Erosion of income and government intervention are the key concerns affecting GPs’ economic future, according to the most recent Annual AusDoc Jobs job seeker survey.
Key Concerns
Erosion of Income
Major Concern: Nearly 62% of over 500 GPs surveyed cited income erosion as a top economic concern. They feel that their remuneration hasn’t kept pace with increasing practice costs.
Inadequate Remuneration: One GP said, “Remuneration is totally inadequate for the years of medical education and training invested.”
Government Intervention
Medicare Freeze: The second-highest concern is government actions like the Medicare freeze, which has impacted GPs since 2014. The last part of this freeze was lifted only in July 2020.
Bulk Billing Pressure: Over 55% of GPs are concerned about the expectation to bulk bill, with this figure rising to 67.4% for those in corporate practice. One GP expressed frustration, saying, “I don’t feel valued as a GP if I keep getting asked to bulk bill or forced to by the government when my colleagues in other specialties don’t.”
Bulk Billing Issues
High Rates: National bulk billing rates remain high at 89.3%, but this doesn’t mean GPs prefer it. One GP commented, “The government looks at the bulk billing figures and decides GPs want to do it, but it’s a contentious issue.”
Economic Stress: GPs in lower socio-economic areas feel pressured to bulk bill. A GP from Central Coast NSW shared, “If I stop bulk billing, I might lose half my patients, but I might end up with the same income with half the patients.”
Additional Concerns
Geographic Reclassification
Impact on Income: Continued changes to the eligibility map mean some practices no longer receive regional or district work shortage status benefits, affecting their income. A Central Coast GP noted, “The increase for rural and remote practices affects very few people. The geographic reclassification affects about 7,000 GPs.”
Encroachment by Other Professions
Role Overlap: Many GPs are concerned about other professions, like pharmacists and nurses, taking on roles traditionally filled by GPs. One GP said, “Pharmacists offering the flu jab seems reasonable, but in some areas, there is clear encroachment on our role.”
Strategies to Offset Economic Fears
Offer a Higher Fee Percentage
Increased Share: Practices can attract GPs by offering a higher percentage of the bulk billing fee. While the average is 70%, some practices offer up to 80%, even just for an introductory period while the new doctor builds up their patient base.
Offer Loyalty Payments
Retention Incentives: Corporate practices could offer loyalty payments or increased commission schemes.

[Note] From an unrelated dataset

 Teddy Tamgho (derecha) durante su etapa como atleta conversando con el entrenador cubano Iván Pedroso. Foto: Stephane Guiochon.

For example, a GP’s commission could rise from 65% to 70% after three to five years with the same group.
Share PIP Incentives
Incentive Sharing: Through the Practice Incentives Program (PIP), practice owners receive payments for services like immunisation. Sharing these incentives with GPs can be a significant attraction.
Conclusion
GPs have significant concerns about their economic future, with income erosion and government intervention being the most pressing. By understanding these concerns and offering attractive compensation packages beyond salary, medical practices and recruiters can better attract and retain top GPs.